Reindeer (or caribou) are important herbivores in arctic tundra and they are known to affect soil nutrient availabilities. In this study we examined the effect of long-term light and heavy reindeer grazing on nutrient limitation of plant growth in a Scandinavian arctic tundra. We performed a fertilization experiment, whereby we added N and P in a full-factorial manner, across the two grazing regimes in heath and meadow vegetation.
The productivity of the plant communities showed contrasting responses to our fertilization treatments under light and heavy reindeer grazing. Under light grazing, productivity increased with N and P additions in both the heath and meadow vegetation. Under heavy grazing, productivity increased when N was added in the heath, and increased even more when N was added together with P. In the meadow, productivity increased when P was added, either alone or in combination with N.
These results clearly show that heavy and long-term grazing by reindeer promoted P limitation of plant communities in both the heath and meadow vegetation.
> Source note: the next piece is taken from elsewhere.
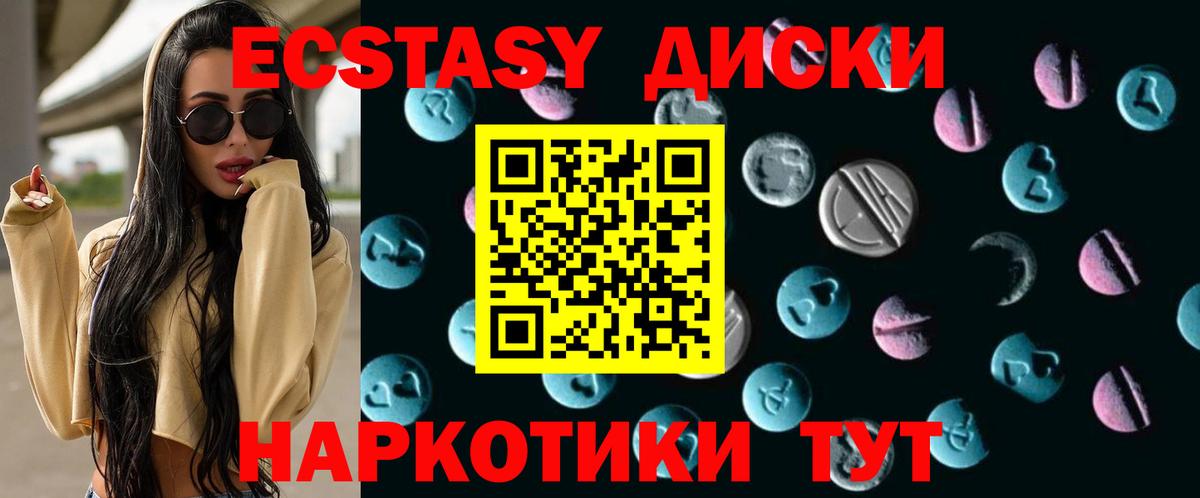 ЭКСТАЗИ  Ecstasy Punisher  Вход с VPN  Шатура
The mechanisms behind the shift towards these conditions were not the same in both vegetation types. In the N-poor heath, reindeer increased soil N availability due to a shift towards more N-rich graminoids, while in the meadow reindeer decreased soil P availability. It remains unclear how reindeer decrease soil P, but they may simply export more P from the system than N due to their large P demand for the production of their antlers.
In this study, we have experimentally confirmed that heavy grazing by large mammalian herbivores for a long time has the potential to change nutrient limitation of plant growth. Such a change can have significant ecological impacts, including changes in plant species composition and success of alien plant species.